Investors Await SEC Action on mUrgent
Franchisors and suppliers at this year’s International Franchise Association Convention and Exhibition can breathe a sigh of relief knowing that mUrgent Corporation will not be selling its services. We can only assume that IFA blocked its past “Preferred Email Marketing Vendor from 2007 to 2010” from exhibiting after Blue MauMau’s reports on the firm’s securities fraud violations. California federal court issued an order in March 2012, resulting in a $21 million judgment by the federal government.
Owners Vladislav Walter Bugarski and his twin sons Vladimir Boris Bugarski and Aleksander Negovan Bugarski were charged by the U.S. Securities & Exchange Commission with conducting two unregistered securities offerings beginning in 2008 that raised nearly $10 million from at least 130 investors nationwide.
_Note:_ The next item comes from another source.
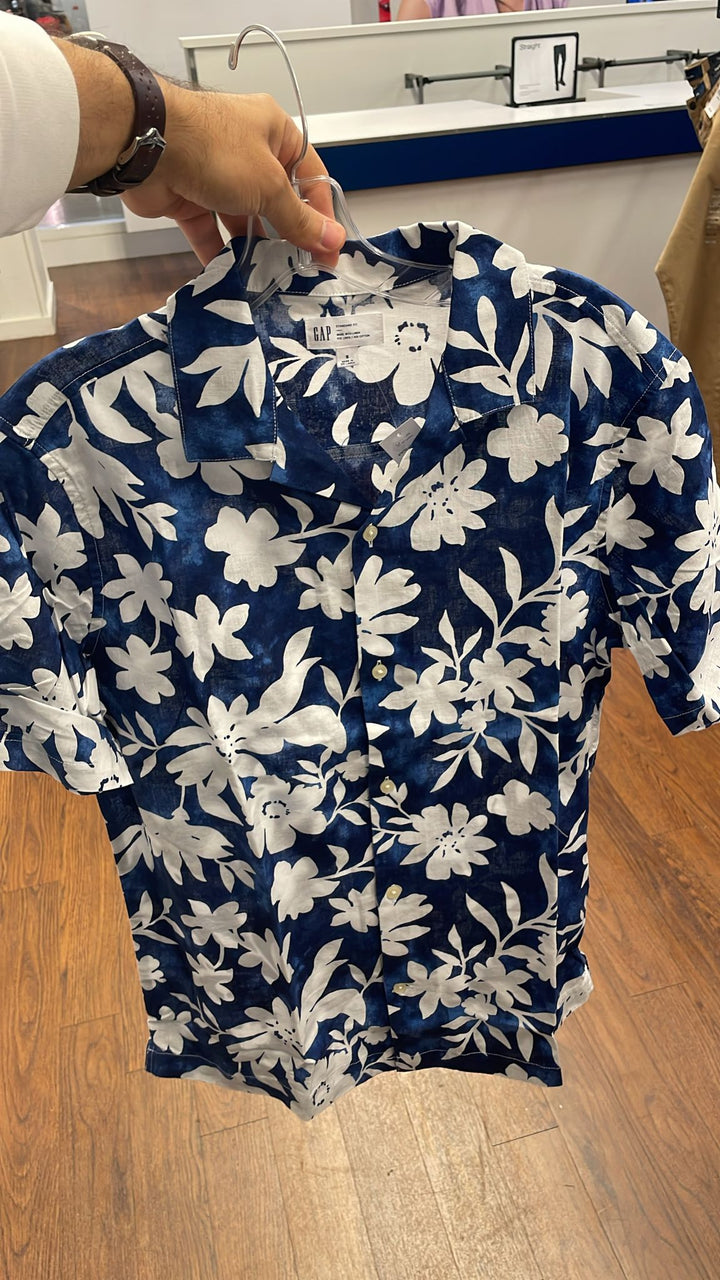 GAP Short Sleeves Flowers Shirt Blue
They then misused investor money to fund more than $1.3 million in cash salary and bonuses for themselves. The family owners then established a separate “slush fund” of more than $500,000 and used investor money to pay for luxury cars and other personal expenses.
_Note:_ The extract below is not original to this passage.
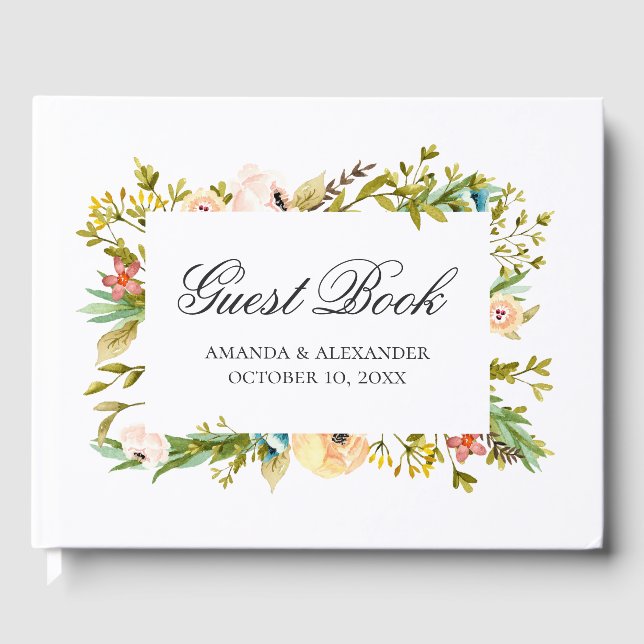 Aquarellfarbene Blume. Pfirsichhochzeit. botanisch Gästebuch (Vorderseite)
This past year, I received several telephone calls and emails from mUrgent’s investors who had lost hundreds of thousands of dollars, asking me if the government has taken any action. My phone call to the SEC in Washington DC resulted in this information: “Yes, we did get a judgment. But there has to be assets to satisfy it, and I don’t think they have collected. In theory, we have collection and distribution groups, we do have the ability to execute upon judgment.”
I asked the SEC representative if the commission could go after the fancy cars, boats and homes that the Bugarskis were buying with investor money, as stated in the district court records, and she responded. “Everybody goes to Florida to buy their expensive homes and cars and boats because they are homestead. It’s then hard to execute on their assets. It depends on state laws.”
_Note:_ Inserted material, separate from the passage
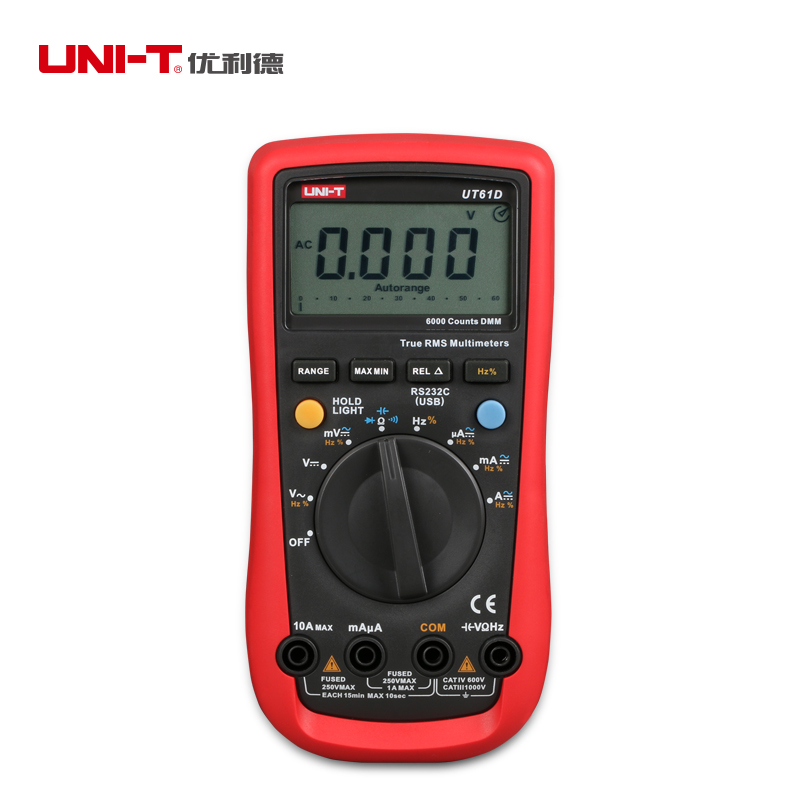 优利德万用表数字四位半高精度多功能全自动智能防烧万能表UT61E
She explained that they could refer matters of collection to the U.S. Treasury Department. “Post-judgment, discovery must be done to identify the assets and resources. But then, is it worth it to go after those assets.”
She also said people cannot be imprisoned for not paying the judgment against them.
So far, the only enforcement has been issuing a permanent injunction against mUrgent and the Bugarskis for violations of the antifraud, offering registration, and other provisions of securities laws. broker registration provisions of the federal securities laws, disgorgement, financial penalties, and an order prohibiting the Bugarskis from serving as officers or directors of any public company.
The family members entered into consent agreements with SEC last June agreeing to follow the court’s ruling. The judge issued a stern warning stating they had to stop breaking securities laws and defrauding people. The Bugarskis were barred from being associated with a broker, dealer, investment adviser, municipal advisor, transfer agent or statistical rating organization.